Die Formel 1 steht vor einer historischen Premiere: Zum ersten Mal seit 45 Jahren kehrt die Königsklasse des Motorsports in die spanische Hauptstadt zurück. Nach einem starken Wochenende in Monza richtet das Mercedes-AMG Petronas F1 Team den Blick voll auf das anstehende Debüt auf dem neuen Stadtkurs in Madrid. Teamchef Toto Wolff warnt jedoch vor den völlig neuen fahrerischen und technischen Herausforderungen.
Wolff: „Fokus liegt voll auf Madrid“
Hinter Mercedes liegt eines der erfolgreichsten Rennwochenenden der bisherigen Saison. In Monza konnte das Team aus Brackley und Brixworth das Maximum aus dem aktuellen Paket herausholen. Doch für Feierstimmung bleibt keine Zeit. „Das liegt nun hinter uns. Sobald wir Italien verlassen hatten, richtete sich unser Fokus auf Madrid“, betont Toto Wolff.
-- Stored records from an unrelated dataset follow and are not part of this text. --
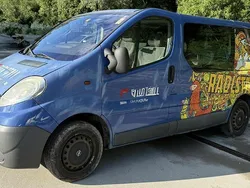 Blau Gebraucht 2007 Opel Vivaro Van | 3.100 € (Superpreis)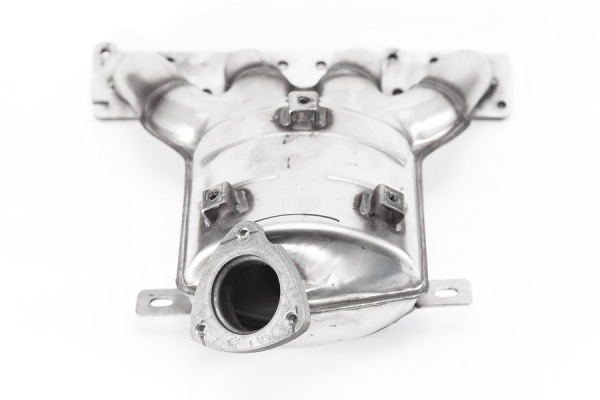 Труба приёмная глушителя с катализатором Е5 в сборе 21129-00 Лада Vesta 1.6л 16кл. МКПП/AМТ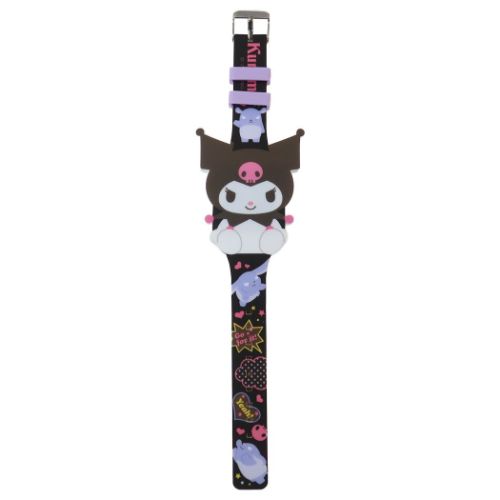 クロミ サンリオ キャラクター 腕時計 ライディングウォッチ｜cinemacollection｜02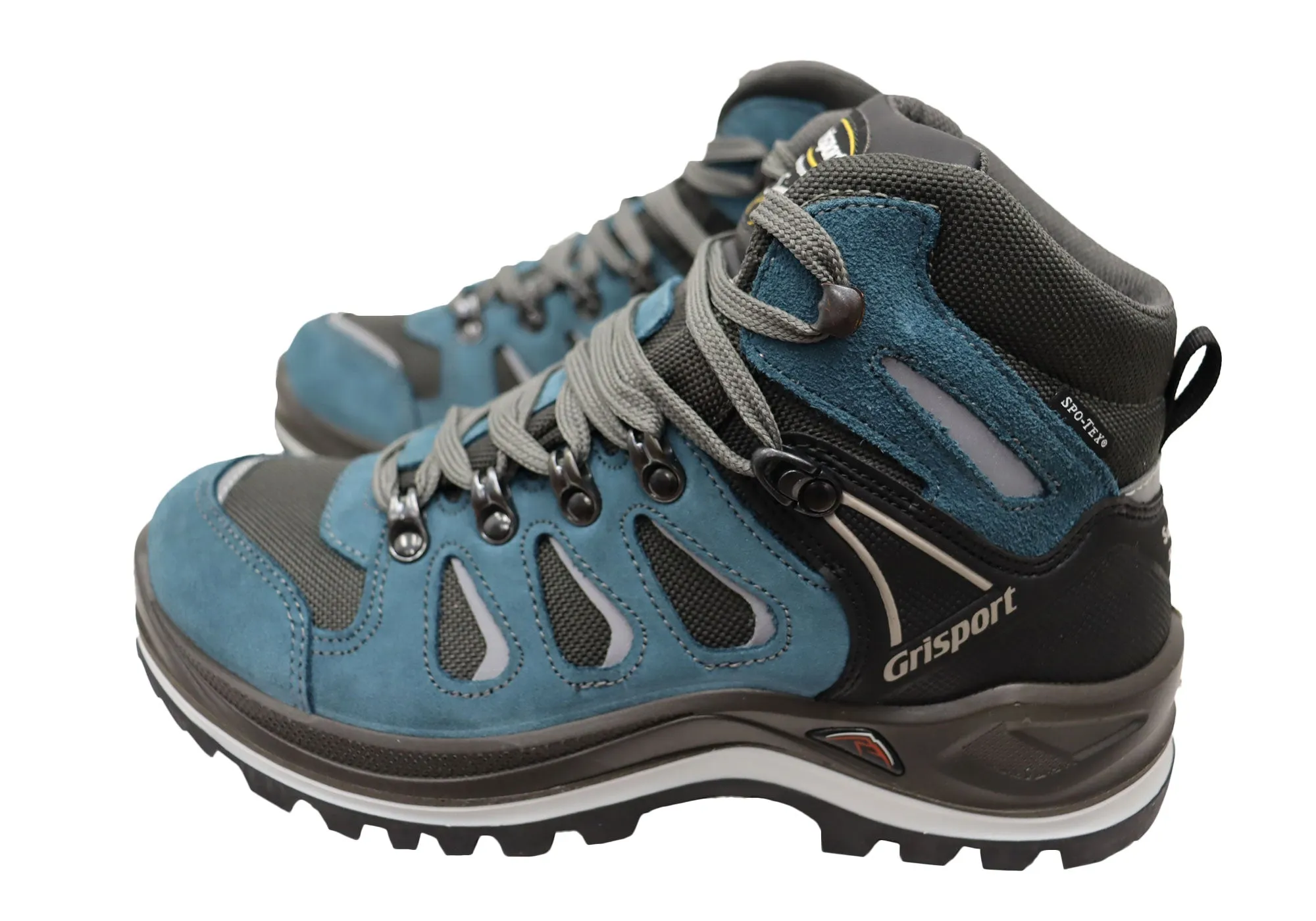 Grisport Womens Flinders Mid Hiking Waterproof Boots Made In Italy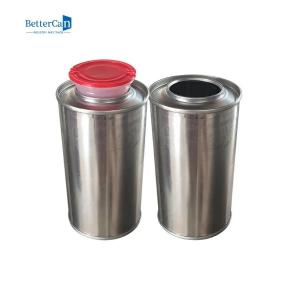 China Metal 250ml Paint Tin Containers  for Chemical Industry Package on sale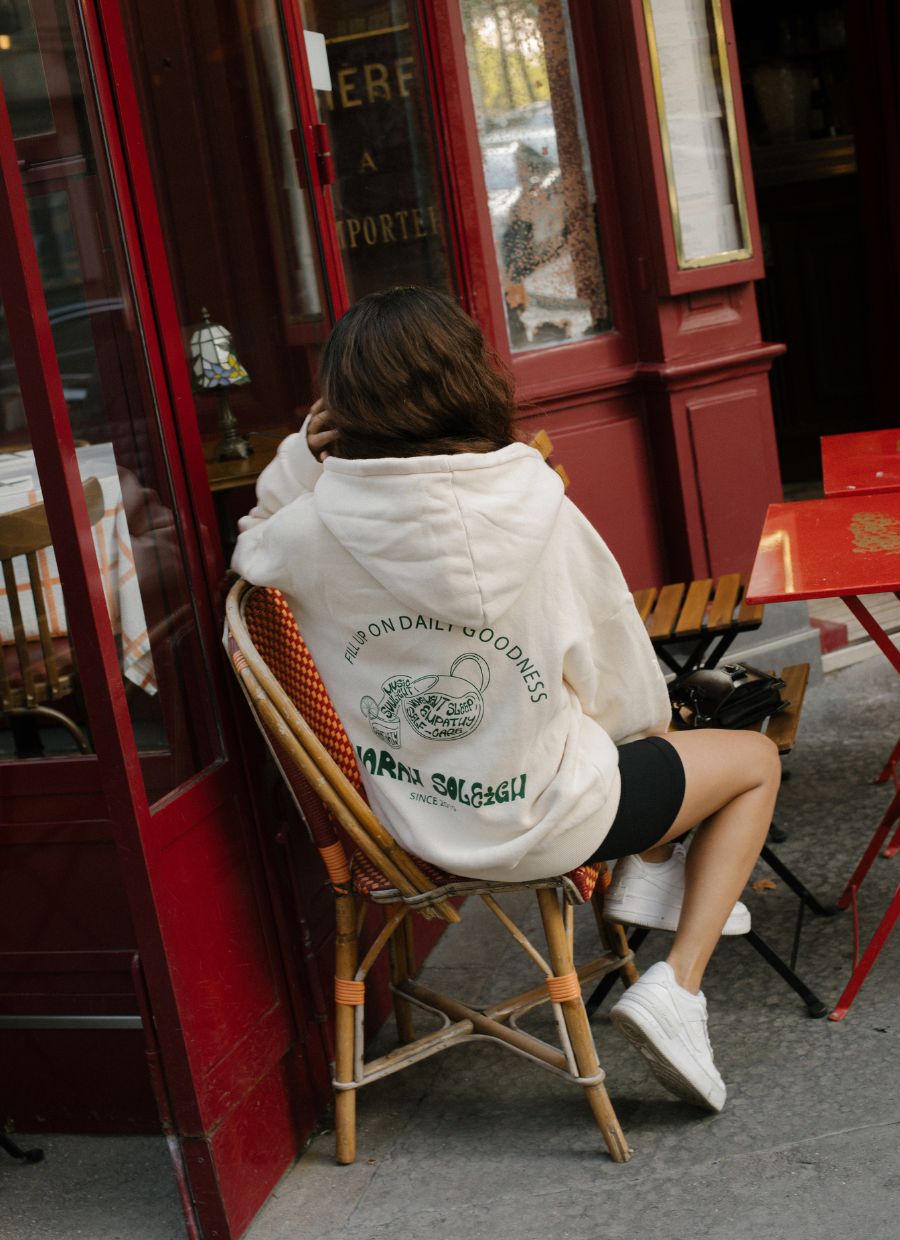 Daily Dose Hoodie - Off-White - Narah Soleigh | Luxe Line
Das kommende Rennwochenende wird laut Wolff eine völlig andere Dynamik annehmen. Die Charakteristik der neuen Strecke erinnere eher an die Kurse in Budapest oder Zandvoort. „Wir erwarten daher ein hart umkämpftes Wochenende. Unsere Aufgabe ist es, die Anforderungen der Strecke so schnell wie möglich zu verstehen“, so der Teamchef. Dass eine ikonische Weltstadt wie Madrid Teil des Formel-1-Kalenders wird, sieht Wolff als starkes Signal für den weltweiten Boom des Sports.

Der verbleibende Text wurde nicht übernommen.